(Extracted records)
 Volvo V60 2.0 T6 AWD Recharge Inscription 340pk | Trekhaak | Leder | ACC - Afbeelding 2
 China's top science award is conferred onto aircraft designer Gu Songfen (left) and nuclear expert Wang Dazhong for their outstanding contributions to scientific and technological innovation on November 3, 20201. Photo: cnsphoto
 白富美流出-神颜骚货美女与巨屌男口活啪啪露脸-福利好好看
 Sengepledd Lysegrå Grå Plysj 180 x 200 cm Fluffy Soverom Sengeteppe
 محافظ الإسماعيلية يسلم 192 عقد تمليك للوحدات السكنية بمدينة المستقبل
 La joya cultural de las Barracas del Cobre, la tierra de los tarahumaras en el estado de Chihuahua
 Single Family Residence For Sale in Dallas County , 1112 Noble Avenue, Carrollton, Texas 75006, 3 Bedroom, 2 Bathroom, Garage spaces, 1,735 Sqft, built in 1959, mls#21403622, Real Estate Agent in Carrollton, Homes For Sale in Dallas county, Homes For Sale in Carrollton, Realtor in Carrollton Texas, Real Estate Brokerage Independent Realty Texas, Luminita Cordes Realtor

=== What this task involves ===
Give back, unchanged, every line from the one with "محافظ الإسماعيلية يسلم" to the end of the entries above.

=== Response to this task ===
 محافظ الإسماعيلية يسلم 192 عقد تمليك للوحدات السكنية بمدينة المستقبل
 La joya cultural de las Barracas del Cobre, la tierra de los tarahumaras en el estado de Chihuahua
 Single Family Residence For Sale in Dallas County , 1112 Noble Avenue, Carrollton, Texas 75006, 3 Bedroom, 2 Bathroom, Garage spaces, 1,735 Sqft, built in 1959, mls#21403622, Real Estate Agent in Carrollton, Homes For Sale in Dallas county, Homes For Sale in Carrollton, Realtor in Carrollton Texas, Real Estate Brokerage Independent Realty Texas, Luminita Cordes Realtor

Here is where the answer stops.